A maintenance profile is a declarative representation of a specific maintenance workflow. It is advised to create a maintenance profile for each maintenance activity you want to perform on your nodes. For example, you can create a maintenance profile for OS patching and another one for Kubernetes upgrades.
To assign a maintenance profile to a node, you add the cloud.sap/maintenance-profile
label to the node with the name of the maintenance profile as the value.
Multiple profiles can be assigned to a node by separating the profile names with a double dash --
.
Assuming the use-cases outlined above, you can assign the os-patching
and k8s-upgrade
maintenance profiles to a node by setting the label cloud.sap/maintenance-profile: os-patching--k8s-upgrade
.
Removing a profile from a node is done by removing the label from the node, which will usually prevent related maintenance activities from being executed.
The maintenance-controller models profiles as finite state machines (FSM) to represent the lifecycle of maintenance activities. The FSM has the following states:
- Operational: The node is operational and running workloads.
- Maintenance-Required: The profile requires maintenance to be performed on the node.
- In-Maintenance: The node is undergoing maintenance.
The FSM transitions between states based on the maintenance profile's configuration and the node's current state. An FSM is tracked for each maintenance profile assigned to a node. These FSMs are handled independently mostly. The exception is that a node can only be in-maintenance for one profile at a time.
The cloud.sap/maintenance-state
label on a node indicates the most crucial state of all profiles assigned to the node.
That label is only informational.
The actual state tracked by the maintenance-controller is stored in the cloud.sap/maintenance-state
annotation.
The default profile is a special maintenance profile that is assigned to any node that does not have a maintenance profile label.
It does nothing by default, but you can reconfigure it to perform a maintenance workflow on all nodes.

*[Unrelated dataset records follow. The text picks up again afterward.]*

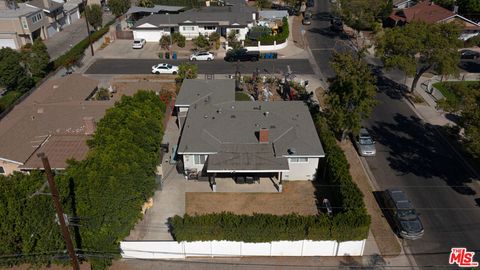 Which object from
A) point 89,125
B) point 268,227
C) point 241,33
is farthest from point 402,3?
point 268,227

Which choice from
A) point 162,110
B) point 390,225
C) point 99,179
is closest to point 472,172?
point 390,225

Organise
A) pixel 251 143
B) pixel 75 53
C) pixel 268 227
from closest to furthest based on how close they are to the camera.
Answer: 1. pixel 268 227
2. pixel 251 143
3. pixel 75 53

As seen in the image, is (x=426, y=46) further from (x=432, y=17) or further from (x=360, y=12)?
(x=432, y=17)

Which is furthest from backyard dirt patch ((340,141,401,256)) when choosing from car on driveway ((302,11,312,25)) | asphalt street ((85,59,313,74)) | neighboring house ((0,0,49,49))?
neighboring house ((0,0,49,49))

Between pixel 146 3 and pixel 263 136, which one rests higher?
pixel 146 3

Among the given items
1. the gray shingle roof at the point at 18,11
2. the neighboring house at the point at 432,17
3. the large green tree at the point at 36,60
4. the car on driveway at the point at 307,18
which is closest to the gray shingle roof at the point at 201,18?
the car on driveway at the point at 307,18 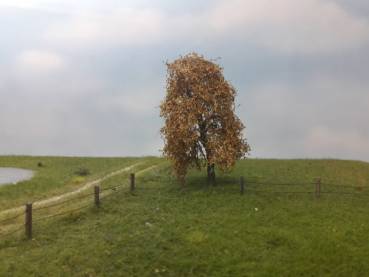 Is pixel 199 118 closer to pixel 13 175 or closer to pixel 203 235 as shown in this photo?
pixel 203 235

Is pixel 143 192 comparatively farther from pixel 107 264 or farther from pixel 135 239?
pixel 107 264

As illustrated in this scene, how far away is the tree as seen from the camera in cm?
3891

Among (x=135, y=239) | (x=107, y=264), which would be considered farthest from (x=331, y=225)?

Just include a profile with the name default
in the configuration file.
State transitions are configured per profile. For each state you can specify the next state and the conditions that need to be met for the transition to happen. The latter is achieved by defining a predicate, which consists of check plugin instances. (The documentation refers to these predicate as chains.) When the transition is done, the trigger plugin instances are executed, which interact with the cluster. The following is an example of a state transition configuration:
maintenance-required:
transitions:
- check: check_approval
trigger: remove_approval && reboot-ok
next: in-maintenance
Plugins are the building blocks of maintenance profiles.
They are used to define the conditions and actions of state transitions.
A plugin instance is a specific named configuration of a plugin.
All plugins are described in the plugins documentation.
For instance, the hasLabel
plugin checks if a node has a specific label.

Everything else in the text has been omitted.